Sosyalist İşçi’nin 15 Şubat 2001 tarihli 149. sayısında sorunu konuşmak için nispeten diyalog kapısının aralandığı koşullarda “Diyalog kuracaksak; siz haklısınız diyen Ermenilerle ancak…” başlıklı yazıya yer vermiştir. Tarihsel ve güncel olarak katliamın sorumluluğunu taşıyanlardan hesap sorulması gerektiğin vurgulayan yazıda “hangi durumlarda başkasının acılarını paylaşıyoruz, hangisinde kendi acımızı başkalarına paylaştırmaya teşneyiz? Ermenilerle paylaşmaya açık olduğumuz sadece ve sadece kendi acımız mı yoksa?”denerek yüzleşme konusunda nasıl adm atılması gerektiği vurgulanmıştır.

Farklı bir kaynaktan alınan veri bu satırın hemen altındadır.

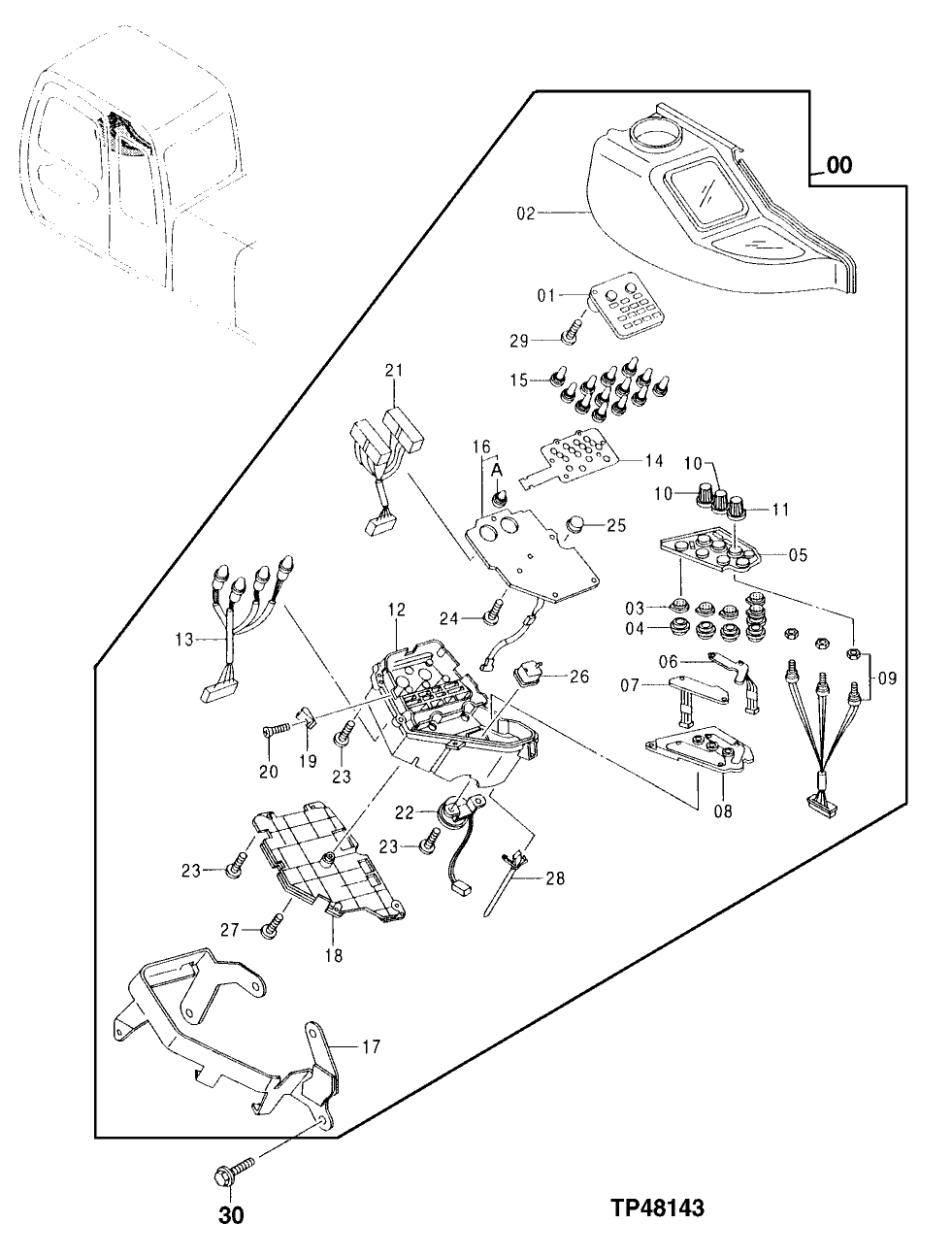 Схема запчастей John Deere 30LCR - 188 - MONITOR 1674 WIRING HARNESS AND SWITCHES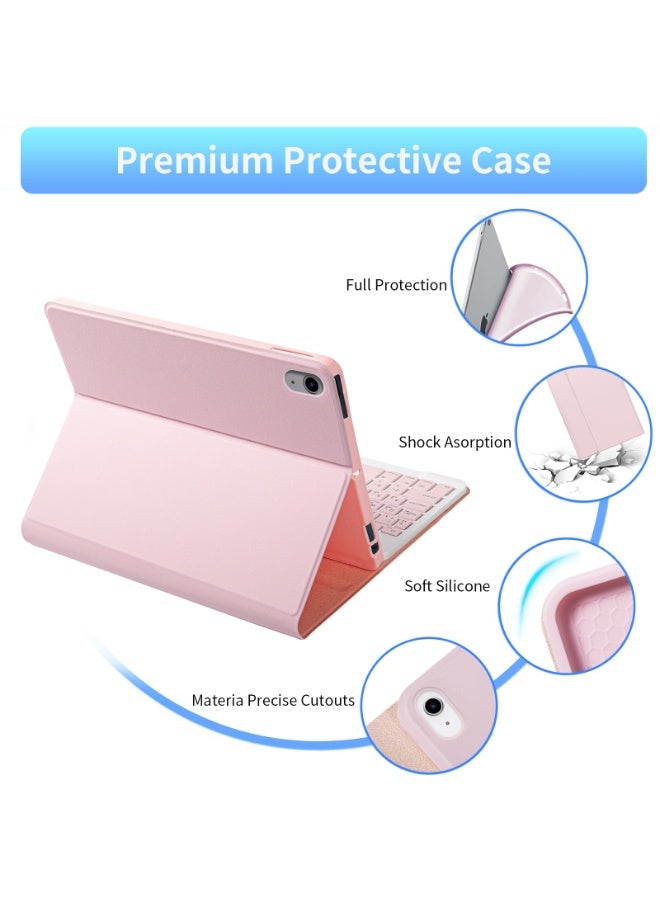 UCHUANG Compatible with iPad 10th 10.9 inch Generation 2022 Keyboard Case, with Arabic Bluetooth Detachable Keyboard, Built in Pencil Holder - Pink - Image 4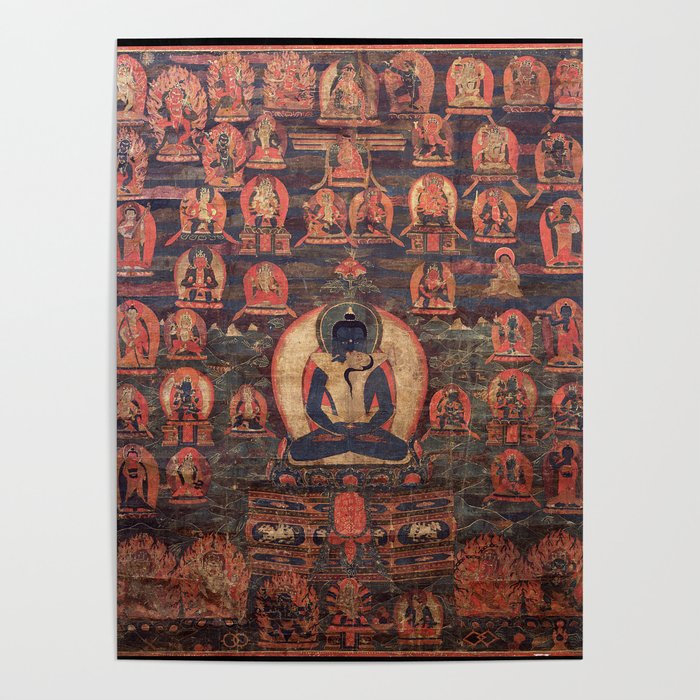 Buddhist Thangka Bodhisattva Samantabhadra Buddha Poster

Sosyalist İşçi bundan sonraki sayılarında TCK 301. madde dolayısıyla Agos ve Hrant Dink’e açılan davalar, tehditler yer veren ve bu yazının sınırlarını aşan pek çok haber, yorum yer almıştır. Hrant’ın katledilmesinin ardından çıkan 269. sayının kapağı “Hepimiz Ermeniyiz”dir. 301. maddenin kaldırılması için Ermeni soykırımının tanınması ve milliyetçilerden hesap sorulması için “yas tutma örgütlen” vurgusuyla yayınlanmıştır. Ve Sosyalist İşçi okurlarına verdiği sözü tutarak Hrant Dink cinayeti davasının sıkı bir takipçisi olmuştur.
Ermeni soykırımının 70. yılı dolayısıyla yayınlanan ilk yazıdan bu yana 30 yıl geçmiş. Sosyalist İşçi sayfaları şimdi yüz yıllık inkar süreci için mücadele eden, devletten hesap soran kampanyaların, aktivistlerin haberleriyle dolu. Sosyalist İşçi yayın hayatında okurlarıyla birlikte bir tabunun yıkılmasında mücadele etmeye devam edecektir.